Having had the 3030i in my listening space for a couple of months I can only confirm that I would never consider these as desktop speakers like the Airpulse A80 or the Kanto TUK. You can put hem close to a wall if this is a requirement for the setup – with a certain distance to the listening position, although having them perform on speaker stands will provide the audibly best outcome. (Same for the A300 pro).
A last quote of relevance:
"… These speakers are amazing. Reproduction is spacious and roomy, with well-spaced voices and a form of ease with large formations that one would not expect from such a compact 2-way speaker. Bass is powerful and deep. The upper part of the spectrum is airy and fruity, nuanced and expressive. The whole is perfectly integrated, extroverted, but never overloaded or fatiguing. This character gives the speakers a well-tempered form of realism in their ability to express emotion. This lays the foundation for a system that is as elegant as it is musically mature."
Audiophonics, a unique French online retailer come assembler/manufacturer, was founded in 2005 and made its name in the audio community as a leading European source for DIY audio, cables and importer of a wide range of Chinese audio brands. In almost 20 years they have established a range of in-house brands and the shop is renowned for their French work floor producing OEM elite design amplifiers from Hypex to PuRiFi with no frills & excellent build quality.
The brand offers also Texas Instruments chip based amplifiers for 30 Euros, too. Here, I would have doubts that these have seen a French work floor for assembling before being packaged.
Audiophonics has been founded by 3 friends, David Aubert, Nicolas Ferhat and Nicolas Guérin in equal equity and with a capital of 1.8k Euros in September 2005, just a ballpark hit away from the Gironde river in Bordeaux.
Word has it, to reach this impressive capital amount, they had to bring some computer hardware like a PC, keyboard, flat screen and a printer to the party. Their business purpose was specified as (Google translation of the founding document): ”The purchase or sale, directly or indirectly, by mail order, of any product directly or indirectly related to HIFI equipment”
As the setting up of the business was longer and harder than what was initially and naively planned, David and N. Guerin had to go their own way, but Nicolas Ferhat slowly continued with the development of Audiophonics and related brands. Almost 2 decades later, the company is owned and directed by Nicolas Ferhat alone since 2015, and David - a friendly and easy going audio enthusiast – has returned covering the international contacts for the company.
Albeit, their growth had been exceptional since 2016 and finances seem to be strong & pretty exciting.
Covering a product from a Hi-Fi distribution operating from France for an American website / forum with international audience may request some reasonable background info for our reader - thus we will cover specifically the North American market service situation in the 2nd part - as I was kind of lucky and David Aubert, one of the co-founders of Audiophonics, confirmed my interview request.

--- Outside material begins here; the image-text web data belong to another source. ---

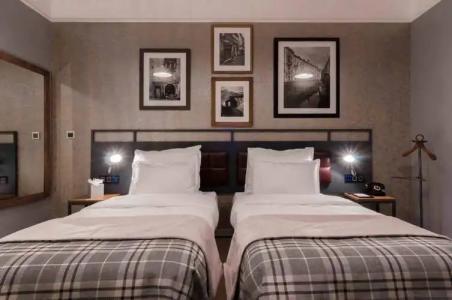 AX the Saint John - 55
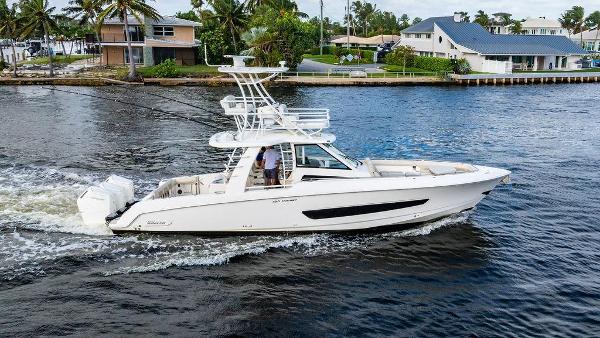 2022 Boston Whaler 420 Outrage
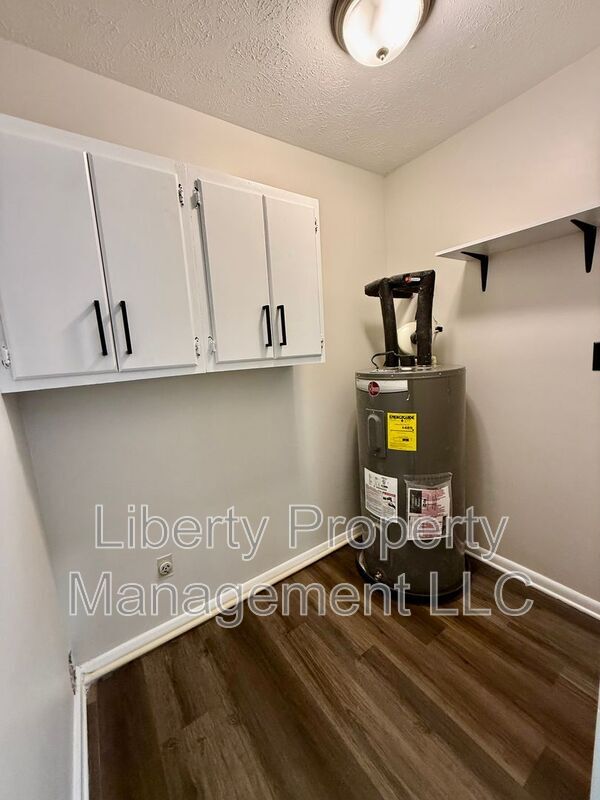 Building Photo - 5929 Spinner Rd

The complete Q&A can be found in part two of the review. David gave answers to a couple of questions, which allowed us to dig a bit deeper into the company’s terms for the US shipping policy, a point that might be of special interest as long as the US Dollar continues a strong relationship towards the Euro.
Currency, pricing & reality check:
The ensemble could be shipped for 1257,22 Euro / 1,331.14 US$ to US mainland, or to continental
Europe, for example to the Netherlands (with 21% VAT), for 1.470 Euros. (all data of August, 14th 2023):
To put this into relation with other shades of our audiophile hobby, you could spend that same amount of money easily as well on 5 feet of SR Atmosphere Alive SX Level 1 power cable (here), or perhaps adding a pair of solid subwoofers into the equation – which could be the case if you’d opt for SR’s Level 2 design. Always good to have options in life.
Obviously, “just a low budget solution” is one opinion about that combo, which might be all too fair, depending on perspective. Another one could be: “Performance & value for money”, that’s would be the one straight into my yard. Nevertheless - I need to admit - love and respect needs to be earned, and diligence is due on that combo. Let’s find out if this pairing will earn full respect and laudation or if you are better off with some natural sounding power cables … ;-)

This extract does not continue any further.